> **WORK INSTRUCTIONS**
Below is a set of records; reproduce them exactly without their pictures.

==========

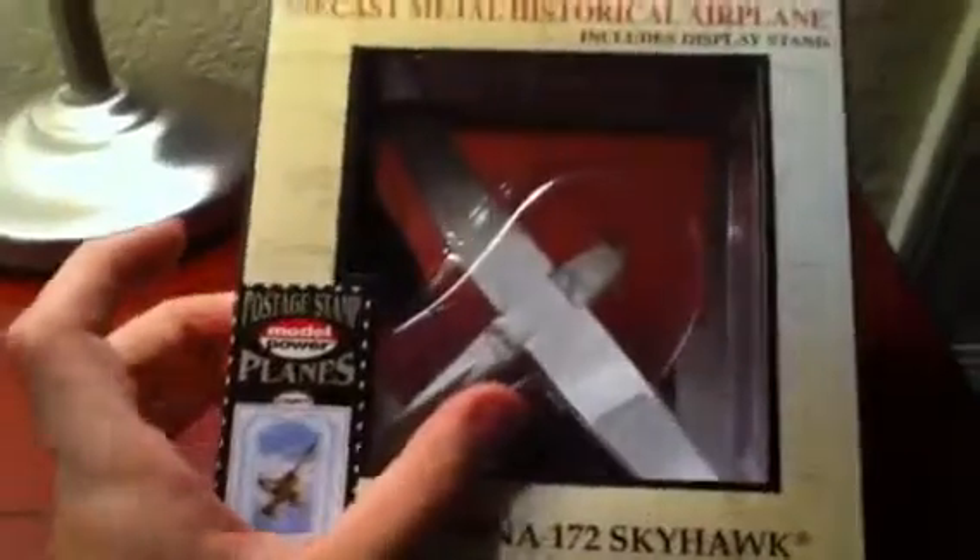I just got this model about an hour and a half ago. My iPod has a lot of stuff in the memory so I'm gonna try to do this fast. I just got this Model Power plane — you can go on modelpower.com and find it. It's a Cessna 172 Skyhawk and it's really awesome and really detailed. I'm gonna open up the box here.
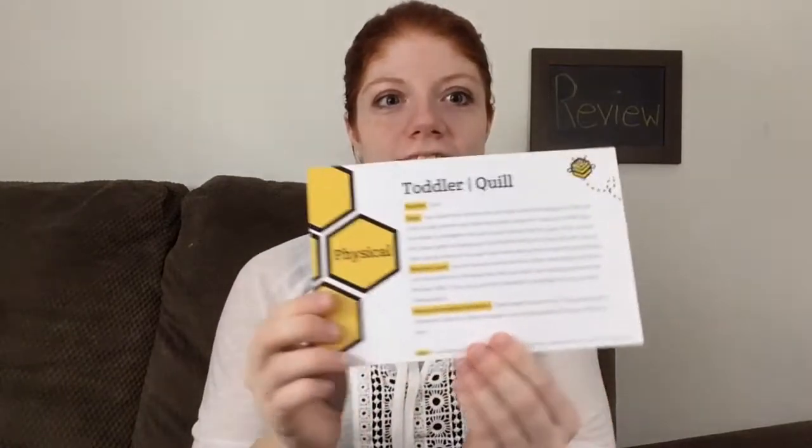In today's review, I am going to go through each of the card activities and tell you how both of my girls — Carly who is 2 and a half and McKinley who is 14 months — how they responded to each of the activities. And then at the end of the review, I'm going to give you my general thoughts and feelings about the box, and then I will give you guys a code to use if you want to try out this box for yourself.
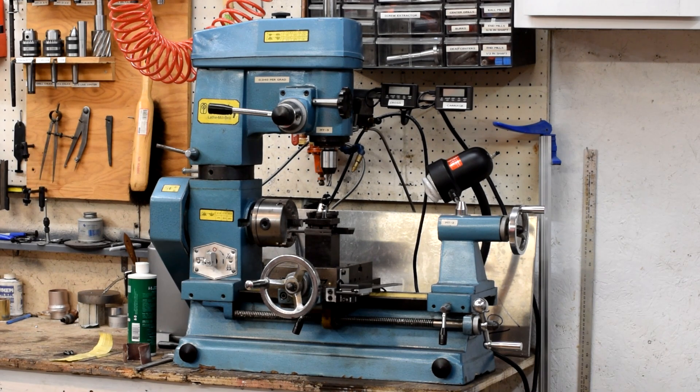Hey there YouTube, Farroth Racing here. We do a fair amount of fabrication in the shop and this is the machine we use to do most of our machining.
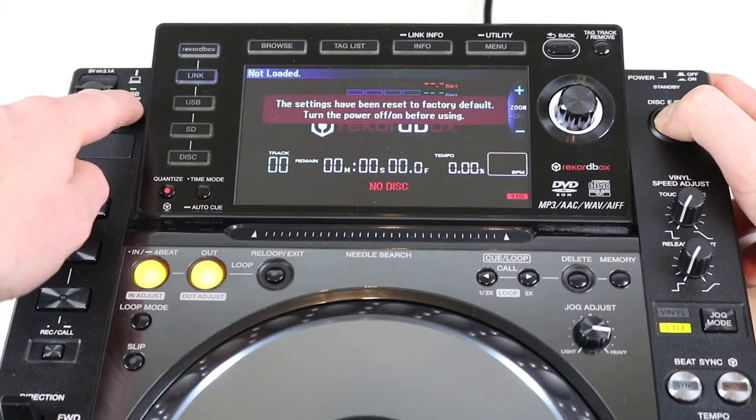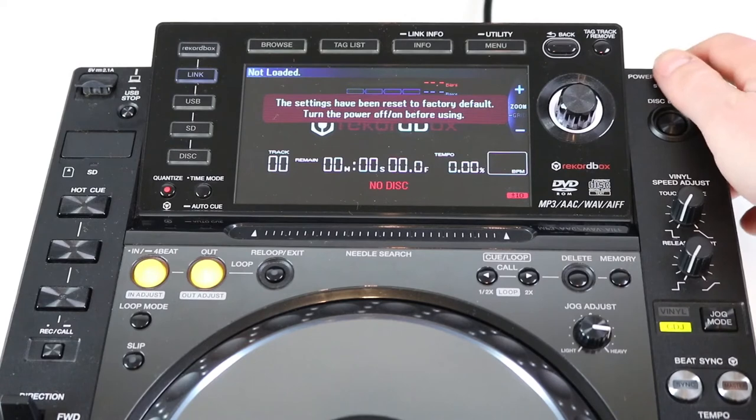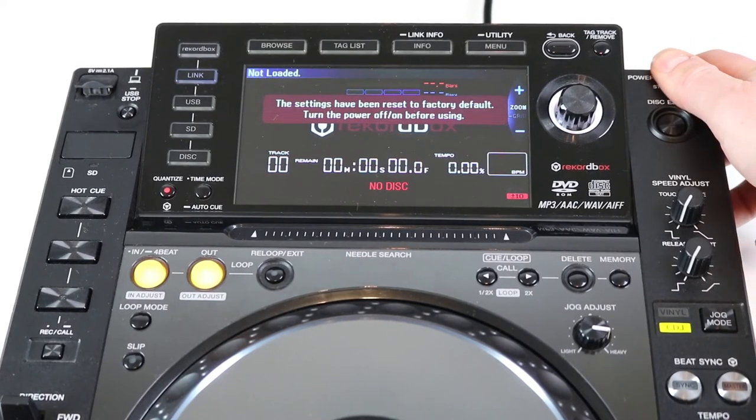After your Pioneer boots, you will see the following text: 'The settings have been reset to factory default — turn the power off and on before using.' Release the buttons and power off your Pioneer.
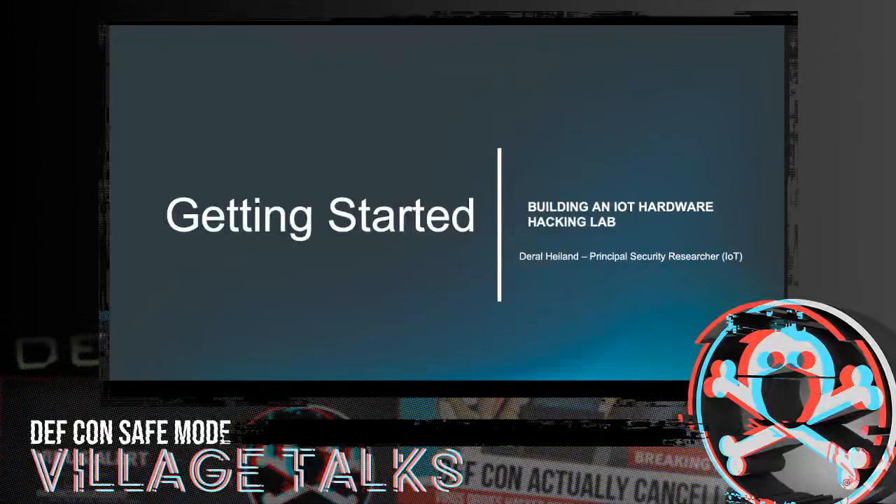We're going to be covering everything from the basic level to the advanced level. When this is all done, I'm going to be jumping on the IoT Village Discord where you'll be able to ask me more questions. Everything we're going to talk about today, I actually have a price list — kind of an Amazon-type price list showing various places you can buy this stuff that'll give you an idea. So let's go ahead and talk about what our agenda is today.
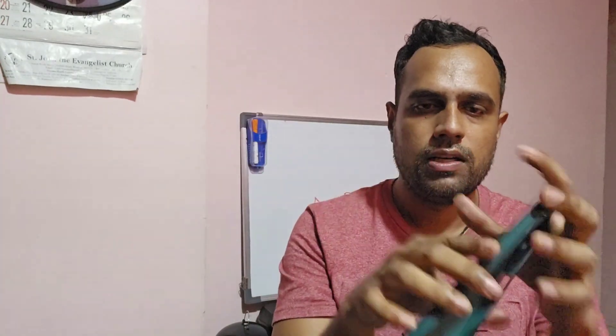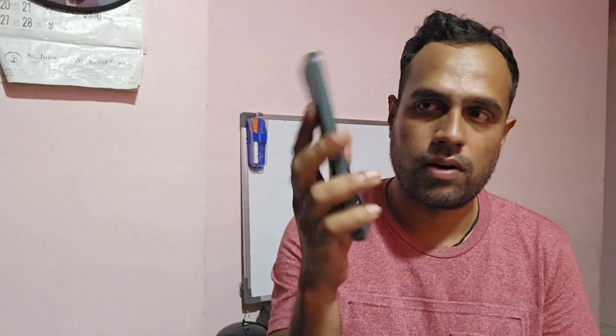Overall, the build quality and sturdiness of this case is amazing. It's nice and flexible — you can see I can fold it. It's completely made out of silicon and rubber and it's an amazing case. If you're looking to buy it, it's available on Amazon — I'll have the link in the description below. If you like this video, don't forget to hit the like button and subscribe to my channel for more such amazing videos.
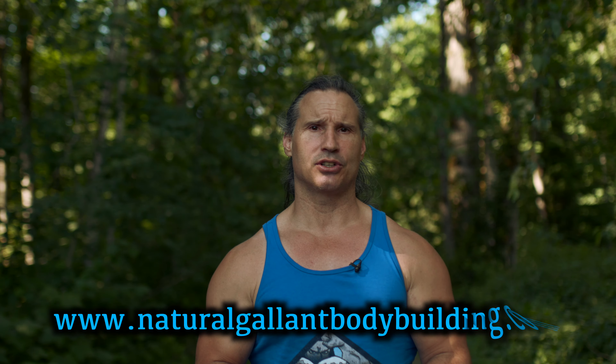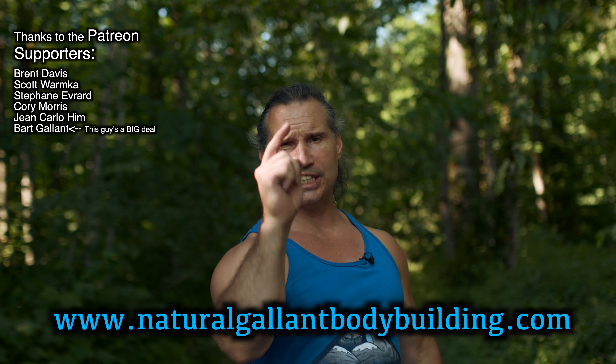So anyway, I hope this helps you in your training. Thanks a lot for watching. If you need to get a hold of me, just go to naturalgallantbodybuilding.com — and thanks to the patient supporters. Take care for now.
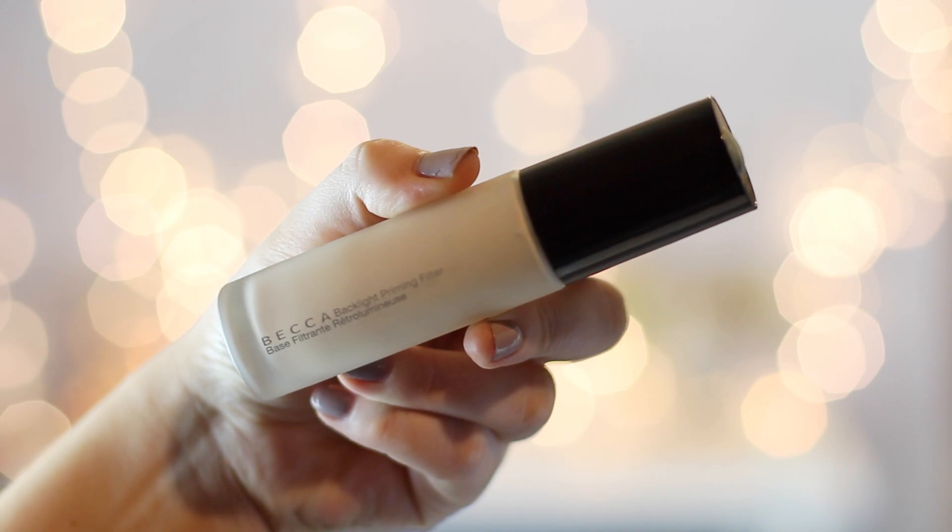So without rambling, let's just get started. I'm going to start with a primer and I'm using the Becca Backlight Priming Filter primer. I've had this for a couple of months and in the beginning I thought it gave a nice glow but I felt it made my pores look kind of big. However, when I did it with the foundation I want to show you right now, it did not look like my pores were big, so I really like this primer — it gives a very nice glow.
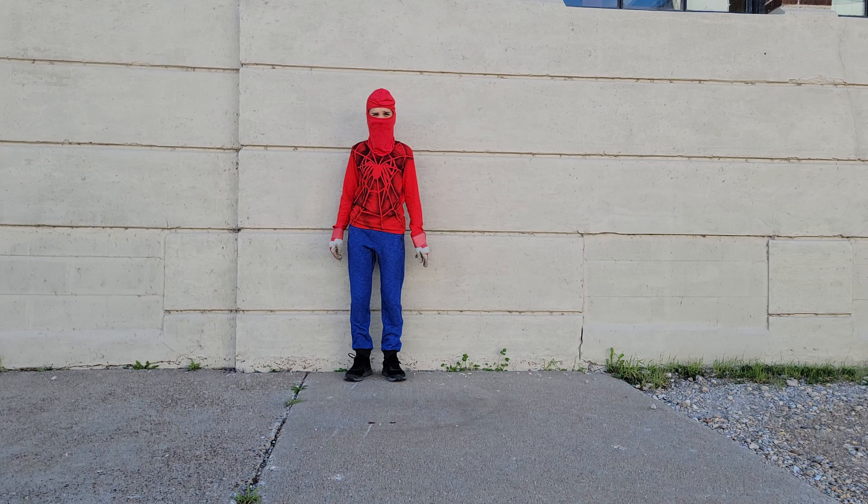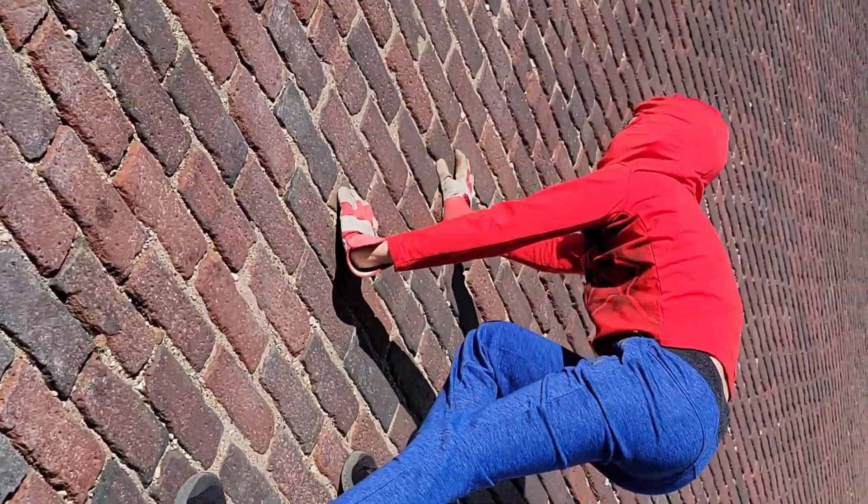Now for the complete costume, all you need to do is add some blue pants, sneakers, red gloves, and a red balaclava ski mask. And there you go — you'll be climbing the walls in no time. Thank you for watching. Check out the Steampunk Miner costume for more cosplay builds. I'll talk to y'all later.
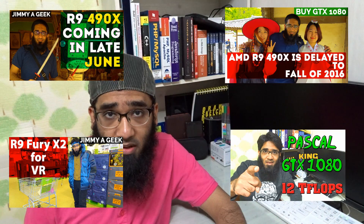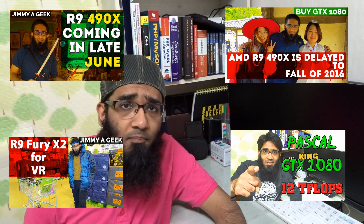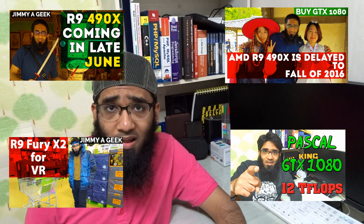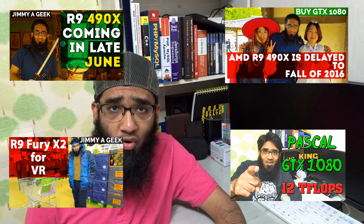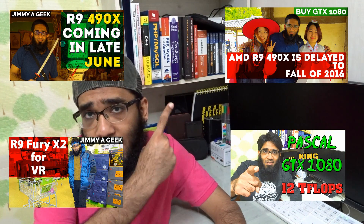I am freaking happy, but will it live up to the expectation? We need to wait and see. You can read the whole tech rumor in the description box below because the link is there.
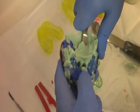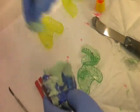Once set, remove the tray and again any excess material should be removed prior to sending the impression to the laboratory.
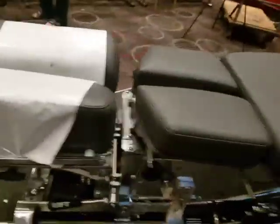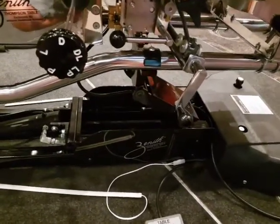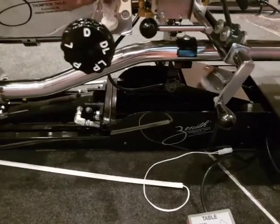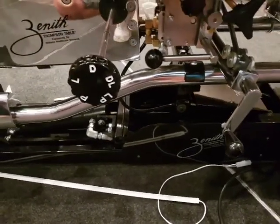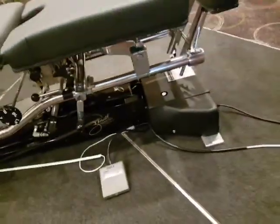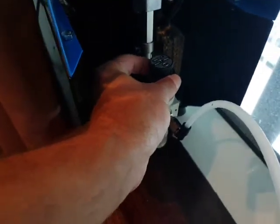To raise and lower the table, use the foot pedal — all the way up and all the way down. There'll be two foot strips, one on each side of the table. When you hook up the compressor, you want to set it to around 80 PSI, adjusting the pressure with this knob here.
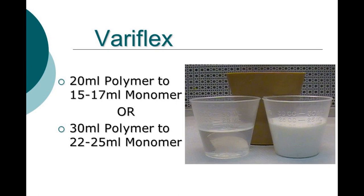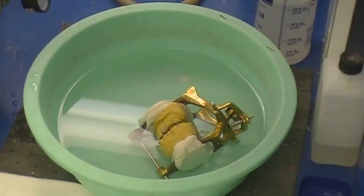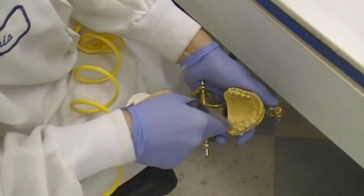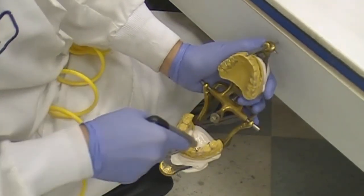A higher level of monomer is needed to absorb polymer beads, resulting in a clearer appliance. Models are soaked in cool tap water for 20 minutes. This is needed to push out air from within, as later models will be submerged in pressure pot water to cure acrylic. Excessive air in the model could affect quality of acrylic cure and adaptation. Remove models from water and evict surface moisture with an air gun.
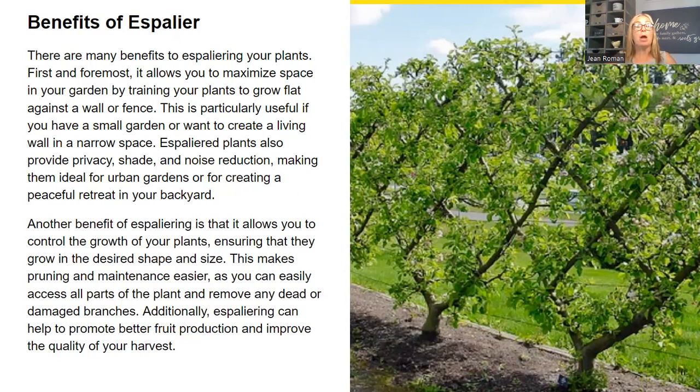Another benefit of espaliering is that it allows you to control the growth of your plants, ensuring they grow in the desired shape and size. This makes pruning and maintenance easier as you can easily access all parts of the plant or remove any dead or damaged branches. Additionally, espaliering can help promote better fruit production and improve the quality of your harvest. At my farm, I had a huge apple tree — the last harvest we did, we had 18 bushels and made beautiful apple cider and applesauce.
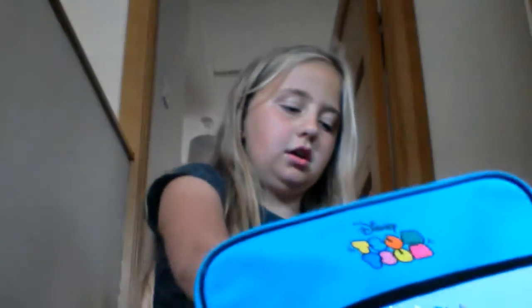Inside I also have my pencil case. It's a watermelon one — if you didn't know, I'm obsessed with watermelons.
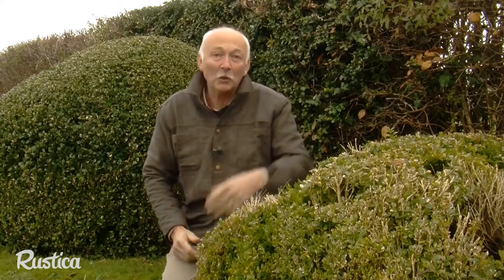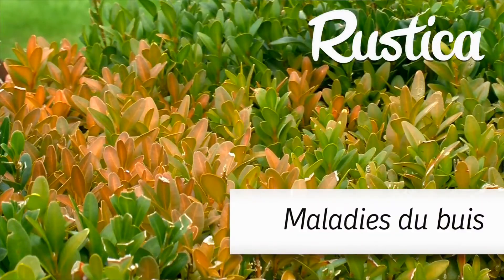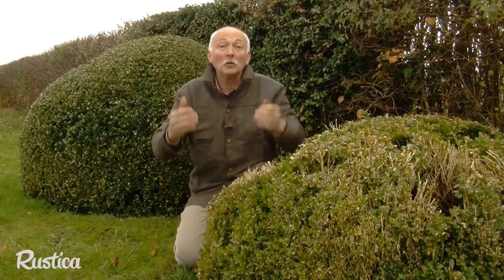Fungi are currently invading boxwoods. One attacks the leaves and stems, the other fungus targets the roots. Boxwoods are increasingly getting sick because of these notorious fungi.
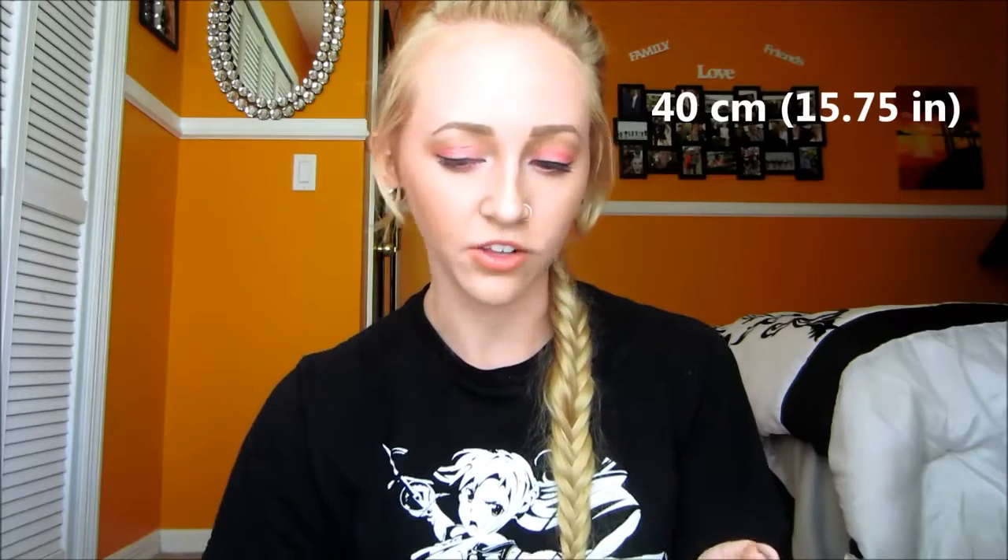Let me get the dimensions on it. So it's 40 centimeters which is about 15.75 inches and the color is just blonde. It's considered a medium type but it's kind of hard to tell because it's in the ponytail, but if you took it down it would be probably about shoulder length.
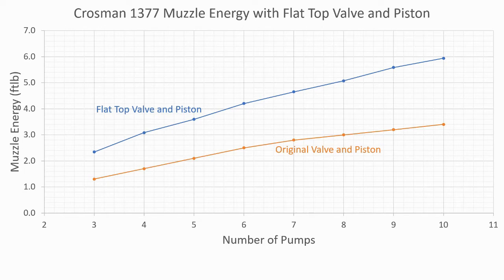What's maybe less impressive is that we do tend to have a slightly greater spread in our velocities between shots. With the original piston and valve setup the largest spread we had was at seven pumps — a spread of 9.5 feet per second. Here we're getting slightly greater spreads, with a spread of 14.7 feet per second at four pumps. Looking at this as a graph, you can really see that increase in power, and also the fact that we've got a steadier increase in power from one number of pumps to the next, with less tapering off at the top end. With the original piston and valve setup, as we got up towards eight, nine, ten pumps there wasn't actually that much increase, but with the flat-top setup we really do see that extra efficiency dumping a lot more air to get the pellet out of the barrel that much faster.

==========

> **OUTPUT OF THE TASK**
I just got this model about an hour and a half ago. My iPod has a lot of stuff in the memory so I'm gonna try to do this fast. I just got this Model Power plane — you can go on modelpower.com and find it. It's a Cessna 172 Skyhawk and it's really awesome and really detailed. I'm gonna open up the box here.
In today's review, I am going to go through each of the card activities and tell you how both of my girls — Carly who is 2 and a half and McKinley who is 14 months — how they responded to each of the activities. And then at the end of the review, I'm going to give you my general thoughts and feelings about the box, and then I will give you guys a code to use if you want to try out this box for yourself.
Hey there YouTube, Farroth Racing here. We do a fair amount of fabrication in the shop and this is the machine we use to do most of our machining.
After your Pioneer boots, you will see the following text: 'The settings have been reset to factory default — turn the power off and on before using.' Release the buttons and power off your Pioneer.
We're going to be covering everything from the basic level to the advanced level. When this is all done, I'm going to be jumping on the IoT Village Discord where you'll be able to ask me more questions. Everything we're going to talk about today, I actually have a price list — kind of an Amazon-type price list showing various places you can buy this stuff that'll give you an idea. So let's go ahead and talk about what our agenda is today.
Overall, the build quality and sturdiness of this case is amazing. It's nice and flexible — you can see I can fold it. It's completely made out of silicon and rubber and it's an amazing case. If you're looking to buy it, it's available on Amazon — I'll have the link in the description below. If you like this video, don't forget to hit the like button and subscribe to my channel for more such amazing videos.
So anyway, I hope this helps you in your training. Thanks a lot for watching. If you need to get a hold of me, just go to naturalgallantbodybuilding.com — and thanks to the patient supporters. Take care for now.
So without rambling, let's just get started. I'm going to start with a primer and I'm using the Becca Backlight Priming Filter primer. I've had this for a couple of months and in the beginning I thought it gave a nice glow but I felt it made my pores look kind of big. However, when I did it with the foundation I want to show you right now, it did not look like my pores were big, so I really like this primer — it gives a very nice glow.
Now for the complete costume, all you need to do is add some blue pants, sneakers, red gloves, and a red balaclava ski mask. And there you go — you'll be climbing the walls in no time. Thank you for watching. Check out the Steampunk Miner costume for more cosplay builds. I'll talk to y'all later.
I am freaking happy, but will it live up to the expectation? We need to wait and see. You can read the whole tech rumor in the description box below because the link is there.
Once set, remove the tray and again any excess material should be removed prior to sending the impression to the laboratory.
To raise and lower the table, use the foot pedal — all the way up and all the way down. There'll be two foot strips, one on each side of the table. When you hook up the compressor, you want to set it to around 80 PSI, adjusting the pressure with this knob here.
A higher level of monomer is needed to absorb polymer beads, resulting in a clearer appliance. Models are soaked in cool tap water for 20 minutes. This is needed to push out air from within, as later models will be submerged in pressure pot water to cure acrylic. Excessive air in the model could affect quality of acrylic cure and adaptation. Remove models from water and evict surface moisture with an air gun.
Another benefit of espaliering is that it allows you to control the growth of your plants, ensuring they grow in the desired shape and size. This makes pruning and maintenance easier as you can easily access all parts of the plant or remove any dead or damaged branches. Additionally, espaliering can help promote better fruit production and improve the quality of your harvest. At my farm, I had a huge apple tree — the last harvest we did, we had 18 bushels and made beautiful apple cider and applesauce.
Inside I also have my pencil case. It's a watermelon one — if you didn't know, I'm obsessed with watermelons.
Fungi are currently invading boxwoods. One attacks the leaves and stems, the other fungus targets the roots. Boxwoods are increasingly getting sick because of these notorious fungi.
Let me get the dimensions on it. So it's 40 centimeters which is about 15.75 inches and the color is just blonde. It's considered a medium type but it's kind of hard to tell because it's in the ponytail, but if you took it down it would be probably about shoulder length.
What's maybe less impressive is that we do tend to have a slightly greater spread in our velocities between shots. With the original piston and valve setup the largest spread we had was at seven pumps — a spread of 9.5 feet per second. Here we're getting slightly greater spreads, with a spread of 14.7 feet per second at four pumps. Looking at this as a graph, you can really see that increase in power, and also the fact that we've got a steadier increase in power from one number of pumps to the next, with less tapering off at the top end. With the original piston and valve setup, as we got up towards eight, nine, ten pumps there wasn't actually that much increase, but with the flat-top setup we really do see that extra efficiency dumping a lot more air to get the pellet out of the barrel that much faster.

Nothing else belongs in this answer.